» **EXERCISE**:
Would you repeat exactly the part of the listing below that runs from the line containing "合金戒指翡翠天然A货翡翠蛋面戒指多样性发其一" down to the line containing "iClever Meow Cookies", inclusive, and nothing else?

» **EXERCISE MATERIALS**:
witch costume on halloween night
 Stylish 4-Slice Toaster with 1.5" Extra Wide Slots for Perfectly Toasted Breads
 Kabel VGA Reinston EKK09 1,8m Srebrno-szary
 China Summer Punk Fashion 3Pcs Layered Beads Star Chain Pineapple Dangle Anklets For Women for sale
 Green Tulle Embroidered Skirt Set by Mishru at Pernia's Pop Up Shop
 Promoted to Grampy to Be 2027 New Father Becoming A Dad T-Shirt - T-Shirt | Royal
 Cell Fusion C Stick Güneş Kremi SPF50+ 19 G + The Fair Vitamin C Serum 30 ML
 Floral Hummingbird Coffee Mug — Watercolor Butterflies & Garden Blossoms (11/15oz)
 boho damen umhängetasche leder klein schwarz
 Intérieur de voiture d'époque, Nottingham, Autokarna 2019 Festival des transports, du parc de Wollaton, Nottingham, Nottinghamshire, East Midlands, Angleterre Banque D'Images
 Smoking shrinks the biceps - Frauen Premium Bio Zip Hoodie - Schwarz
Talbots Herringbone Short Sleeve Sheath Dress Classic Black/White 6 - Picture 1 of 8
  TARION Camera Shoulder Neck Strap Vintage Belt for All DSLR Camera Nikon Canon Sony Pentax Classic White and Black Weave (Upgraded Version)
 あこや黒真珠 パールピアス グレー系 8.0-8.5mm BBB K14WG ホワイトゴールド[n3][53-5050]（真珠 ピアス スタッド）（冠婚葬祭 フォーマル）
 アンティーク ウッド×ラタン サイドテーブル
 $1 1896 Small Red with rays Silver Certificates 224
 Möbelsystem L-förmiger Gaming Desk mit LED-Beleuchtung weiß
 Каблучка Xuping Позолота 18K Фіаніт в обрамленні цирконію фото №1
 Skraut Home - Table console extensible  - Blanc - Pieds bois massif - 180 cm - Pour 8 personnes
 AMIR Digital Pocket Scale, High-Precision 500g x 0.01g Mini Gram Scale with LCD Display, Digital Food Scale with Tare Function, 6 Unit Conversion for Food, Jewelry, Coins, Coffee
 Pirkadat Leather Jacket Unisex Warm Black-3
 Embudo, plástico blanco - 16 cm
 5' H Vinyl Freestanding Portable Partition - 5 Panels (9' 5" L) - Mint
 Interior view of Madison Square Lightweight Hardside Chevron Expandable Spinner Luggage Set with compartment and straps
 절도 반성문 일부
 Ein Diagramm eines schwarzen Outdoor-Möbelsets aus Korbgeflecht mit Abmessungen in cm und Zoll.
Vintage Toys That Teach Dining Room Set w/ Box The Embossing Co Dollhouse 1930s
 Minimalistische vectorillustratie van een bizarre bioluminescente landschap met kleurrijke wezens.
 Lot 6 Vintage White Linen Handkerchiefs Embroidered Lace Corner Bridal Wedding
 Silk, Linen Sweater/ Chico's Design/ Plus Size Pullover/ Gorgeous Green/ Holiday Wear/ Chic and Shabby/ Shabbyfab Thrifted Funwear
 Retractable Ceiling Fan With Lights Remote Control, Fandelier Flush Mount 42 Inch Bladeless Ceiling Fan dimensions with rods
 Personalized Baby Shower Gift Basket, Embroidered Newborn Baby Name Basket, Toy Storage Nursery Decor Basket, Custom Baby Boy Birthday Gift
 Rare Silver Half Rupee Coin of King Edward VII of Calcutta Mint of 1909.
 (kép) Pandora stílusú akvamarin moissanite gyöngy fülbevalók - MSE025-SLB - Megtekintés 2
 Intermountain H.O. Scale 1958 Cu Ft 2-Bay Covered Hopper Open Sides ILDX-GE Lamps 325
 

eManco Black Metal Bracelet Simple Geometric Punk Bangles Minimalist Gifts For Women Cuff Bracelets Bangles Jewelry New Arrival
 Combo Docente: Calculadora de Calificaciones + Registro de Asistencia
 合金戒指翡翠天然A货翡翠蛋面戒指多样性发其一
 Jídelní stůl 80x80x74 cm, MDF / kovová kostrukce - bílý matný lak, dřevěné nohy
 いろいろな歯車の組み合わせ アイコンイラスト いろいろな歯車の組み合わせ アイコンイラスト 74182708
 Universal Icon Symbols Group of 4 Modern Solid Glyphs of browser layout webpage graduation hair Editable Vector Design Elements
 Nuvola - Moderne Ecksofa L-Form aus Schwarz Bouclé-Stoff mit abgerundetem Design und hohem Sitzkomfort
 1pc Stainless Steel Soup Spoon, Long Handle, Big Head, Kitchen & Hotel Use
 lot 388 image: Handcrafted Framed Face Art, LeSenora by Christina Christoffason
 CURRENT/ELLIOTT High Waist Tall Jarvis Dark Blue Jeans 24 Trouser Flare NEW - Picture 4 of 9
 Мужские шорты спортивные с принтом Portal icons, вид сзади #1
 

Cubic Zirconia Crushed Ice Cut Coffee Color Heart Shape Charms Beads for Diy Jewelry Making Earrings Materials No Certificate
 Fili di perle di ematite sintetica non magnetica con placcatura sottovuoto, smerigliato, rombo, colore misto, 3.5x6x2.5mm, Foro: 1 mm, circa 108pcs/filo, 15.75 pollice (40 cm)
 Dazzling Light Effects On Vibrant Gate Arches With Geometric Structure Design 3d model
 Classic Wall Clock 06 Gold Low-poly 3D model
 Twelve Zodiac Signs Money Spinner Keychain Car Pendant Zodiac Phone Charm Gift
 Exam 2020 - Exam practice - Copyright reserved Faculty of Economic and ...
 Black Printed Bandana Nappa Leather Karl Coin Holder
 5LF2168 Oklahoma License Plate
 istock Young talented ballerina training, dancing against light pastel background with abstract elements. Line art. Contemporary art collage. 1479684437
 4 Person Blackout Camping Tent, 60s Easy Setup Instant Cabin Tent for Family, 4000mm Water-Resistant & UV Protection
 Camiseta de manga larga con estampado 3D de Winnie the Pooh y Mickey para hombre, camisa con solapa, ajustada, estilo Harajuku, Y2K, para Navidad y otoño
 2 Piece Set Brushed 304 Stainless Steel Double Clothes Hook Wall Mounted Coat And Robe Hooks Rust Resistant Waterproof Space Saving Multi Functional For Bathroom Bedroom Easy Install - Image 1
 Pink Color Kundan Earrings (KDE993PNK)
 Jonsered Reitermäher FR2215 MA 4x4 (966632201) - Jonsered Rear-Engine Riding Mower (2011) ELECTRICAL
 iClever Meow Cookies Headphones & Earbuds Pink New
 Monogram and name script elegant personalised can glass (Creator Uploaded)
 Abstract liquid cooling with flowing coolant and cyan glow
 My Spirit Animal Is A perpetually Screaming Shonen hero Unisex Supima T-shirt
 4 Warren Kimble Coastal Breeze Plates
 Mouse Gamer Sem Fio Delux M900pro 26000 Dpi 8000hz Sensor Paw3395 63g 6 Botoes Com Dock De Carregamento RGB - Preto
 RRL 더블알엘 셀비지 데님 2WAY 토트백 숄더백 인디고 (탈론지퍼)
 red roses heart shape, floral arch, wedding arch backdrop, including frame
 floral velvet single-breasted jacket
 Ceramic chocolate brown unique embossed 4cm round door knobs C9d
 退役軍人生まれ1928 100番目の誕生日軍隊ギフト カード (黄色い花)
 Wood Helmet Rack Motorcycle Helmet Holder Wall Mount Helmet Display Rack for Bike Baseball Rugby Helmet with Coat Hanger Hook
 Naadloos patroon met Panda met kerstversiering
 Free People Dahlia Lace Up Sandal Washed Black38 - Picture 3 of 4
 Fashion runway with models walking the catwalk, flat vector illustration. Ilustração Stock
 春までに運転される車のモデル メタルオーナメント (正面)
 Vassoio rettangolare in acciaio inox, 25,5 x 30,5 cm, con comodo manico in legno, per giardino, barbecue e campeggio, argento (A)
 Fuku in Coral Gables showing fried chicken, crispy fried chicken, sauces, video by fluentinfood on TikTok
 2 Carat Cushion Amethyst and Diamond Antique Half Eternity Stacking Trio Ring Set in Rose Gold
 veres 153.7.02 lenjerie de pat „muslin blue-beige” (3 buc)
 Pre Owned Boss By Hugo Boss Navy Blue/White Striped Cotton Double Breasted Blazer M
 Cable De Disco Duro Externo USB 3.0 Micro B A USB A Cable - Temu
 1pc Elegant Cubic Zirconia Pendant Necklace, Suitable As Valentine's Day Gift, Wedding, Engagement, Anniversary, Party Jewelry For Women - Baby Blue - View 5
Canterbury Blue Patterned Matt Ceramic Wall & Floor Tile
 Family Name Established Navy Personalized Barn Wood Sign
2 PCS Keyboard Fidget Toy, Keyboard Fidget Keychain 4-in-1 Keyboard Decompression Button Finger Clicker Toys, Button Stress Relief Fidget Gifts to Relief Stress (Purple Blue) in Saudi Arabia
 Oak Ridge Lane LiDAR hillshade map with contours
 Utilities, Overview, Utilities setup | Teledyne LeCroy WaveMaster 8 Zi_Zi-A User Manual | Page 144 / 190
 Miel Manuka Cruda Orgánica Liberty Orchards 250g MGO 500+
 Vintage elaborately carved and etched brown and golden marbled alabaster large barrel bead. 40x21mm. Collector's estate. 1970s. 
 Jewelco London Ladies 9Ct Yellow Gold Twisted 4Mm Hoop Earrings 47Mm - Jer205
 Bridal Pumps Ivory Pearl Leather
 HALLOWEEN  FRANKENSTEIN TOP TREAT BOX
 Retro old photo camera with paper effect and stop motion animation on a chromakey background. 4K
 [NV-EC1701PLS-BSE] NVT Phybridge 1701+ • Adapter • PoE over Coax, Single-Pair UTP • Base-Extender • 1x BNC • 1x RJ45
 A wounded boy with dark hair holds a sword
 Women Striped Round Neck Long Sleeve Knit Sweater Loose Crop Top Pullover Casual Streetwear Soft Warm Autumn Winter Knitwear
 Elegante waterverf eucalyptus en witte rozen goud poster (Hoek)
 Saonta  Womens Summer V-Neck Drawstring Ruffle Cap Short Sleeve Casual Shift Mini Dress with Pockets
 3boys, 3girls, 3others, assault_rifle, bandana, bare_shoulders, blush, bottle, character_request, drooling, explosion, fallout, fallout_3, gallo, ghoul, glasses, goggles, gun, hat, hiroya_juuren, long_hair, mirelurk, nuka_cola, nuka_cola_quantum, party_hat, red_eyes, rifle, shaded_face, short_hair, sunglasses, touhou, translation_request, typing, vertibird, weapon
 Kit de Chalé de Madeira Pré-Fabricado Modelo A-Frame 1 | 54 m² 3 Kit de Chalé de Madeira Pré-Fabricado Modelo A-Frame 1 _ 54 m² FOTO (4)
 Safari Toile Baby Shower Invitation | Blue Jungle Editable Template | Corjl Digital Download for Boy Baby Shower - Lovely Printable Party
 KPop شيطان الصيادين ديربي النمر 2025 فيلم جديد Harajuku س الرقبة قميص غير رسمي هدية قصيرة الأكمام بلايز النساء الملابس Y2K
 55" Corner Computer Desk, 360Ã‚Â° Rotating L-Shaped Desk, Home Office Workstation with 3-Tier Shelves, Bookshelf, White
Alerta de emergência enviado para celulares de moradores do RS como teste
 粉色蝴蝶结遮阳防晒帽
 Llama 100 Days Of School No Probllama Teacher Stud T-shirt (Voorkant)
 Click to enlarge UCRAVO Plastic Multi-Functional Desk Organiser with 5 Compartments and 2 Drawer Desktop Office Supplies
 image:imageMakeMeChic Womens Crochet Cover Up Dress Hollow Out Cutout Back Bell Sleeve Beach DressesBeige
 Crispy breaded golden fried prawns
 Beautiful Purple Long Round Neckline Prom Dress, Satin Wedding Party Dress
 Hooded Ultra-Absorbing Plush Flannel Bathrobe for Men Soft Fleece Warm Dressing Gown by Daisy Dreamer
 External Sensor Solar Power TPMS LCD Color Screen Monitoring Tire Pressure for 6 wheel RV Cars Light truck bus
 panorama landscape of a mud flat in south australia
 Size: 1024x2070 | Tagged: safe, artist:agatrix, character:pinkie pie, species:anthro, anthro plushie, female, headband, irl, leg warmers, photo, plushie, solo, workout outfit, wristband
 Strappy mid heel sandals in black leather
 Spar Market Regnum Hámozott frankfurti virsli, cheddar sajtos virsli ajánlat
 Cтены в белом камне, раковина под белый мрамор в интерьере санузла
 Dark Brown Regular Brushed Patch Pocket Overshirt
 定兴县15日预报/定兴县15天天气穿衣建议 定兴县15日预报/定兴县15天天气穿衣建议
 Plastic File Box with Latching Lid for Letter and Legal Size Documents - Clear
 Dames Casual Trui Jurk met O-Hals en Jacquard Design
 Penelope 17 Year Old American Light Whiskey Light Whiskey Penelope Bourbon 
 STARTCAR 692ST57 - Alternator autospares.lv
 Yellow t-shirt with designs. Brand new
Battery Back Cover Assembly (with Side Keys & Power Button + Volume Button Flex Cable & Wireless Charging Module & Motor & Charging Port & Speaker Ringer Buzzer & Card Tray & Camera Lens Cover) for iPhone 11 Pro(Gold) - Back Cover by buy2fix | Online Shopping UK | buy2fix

» **SOLUTION TO THE EXERCISE**:
 合金戒指翡翠天然A货翡翠蛋面戒指多样性发其一
 Jídelní stůl 80x80x74 cm, MDF / kovová kostrukce - bílý matný lak, dřevěné nohy
 いろいろな歯車の組み合わせ アイコンイラスト いろいろな歯車の組み合わせ アイコンイラスト 74182708
 Universal Icon Symbols Group of 4 Modern Solid Glyphs of browser layout webpage graduation hair Editable Vector Design Elements
 Nuvola - Moderne Ecksofa L-Form aus Schwarz Bouclé-Stoff mit abgerundetem Design und hohem Sitzkomfort
 1pc Stainless Steel Soup Spoon, Long Handle, Big Head, Kitchen & Hotel Use
 lot 388 image: Handcrafted Framed Face Art, LeSenora by Christina Christoffason
 CURRENT/ELLIOTT High Waist Tall Jarvis Dark Blue Jeans 24 Trouser Flare NEW - Picture 4 of 9
 Мужские шорты спортивные с принтом Portal icons, вид сзади #1
 

Cubic Zirconia Crushed Ice Cut Coffee Color Heart Shape Charms Beads for Diy Jewelry Making Earrings Materials No Certificate
 Fili di perle di ematite sintetica non magnetica con placcatura sottovuoto, smerigliato, rombo, colore misto, 3.5x6x2.5mm, Foro: 1 mm, circa 108pcs/filo, 15.75 pollice (40 cm)
 Dazzling Light Effects On Vibrant Gate Arches With Geometric Structure Design 3d model
 Classic Wall Clock 06 Gold Low-poly 3D model
 Twelve Zodiac Signs Money Spinner Keychain Car Pendant Zodiac Phone Charm Gift
 Exam 2020 - Exam practice - Copyright reserved Faculty of Economic and ...
 Black Printed Bandana Nappa Leather Karl Coin Holder
 5LF2168 Oklahoma License Plate
 istock Young talented ballerina training, dancing against light pastel background with abstract elements. Line art. Contemporary art collage. 1479684437
 4 Person Blackout Camping Tent, 60s Easy Setup Instant Cabin Tent for Family, 4000mm Water-Resistant & UV Protection
 Camiseta de manga larga con estampado 3D de Winnie the Pooh y Mickey para hombre, camisa con solapa, ajustada, estilo Harajuku, Y2K, para Navidad y otoño
 2 Piece Set Brushed 304 Stainless Steel Double Clothes Hook Wall Mounted Coat And Robe Hooks Rust Resistant Waterproof Space Saving Multi Functional For Bathroom Bedroom Easy Install - Image 1
 Pink Color Kundan Earrings (KDE993PNK)
 Jonsered Reitermäher FR2215 MA 4x4 (966632201) - Jonsered Rear-Engine Riding Mower (2011) ELECTRICAL
 iClever Meow Cookies Headphones & Earbuds Pink New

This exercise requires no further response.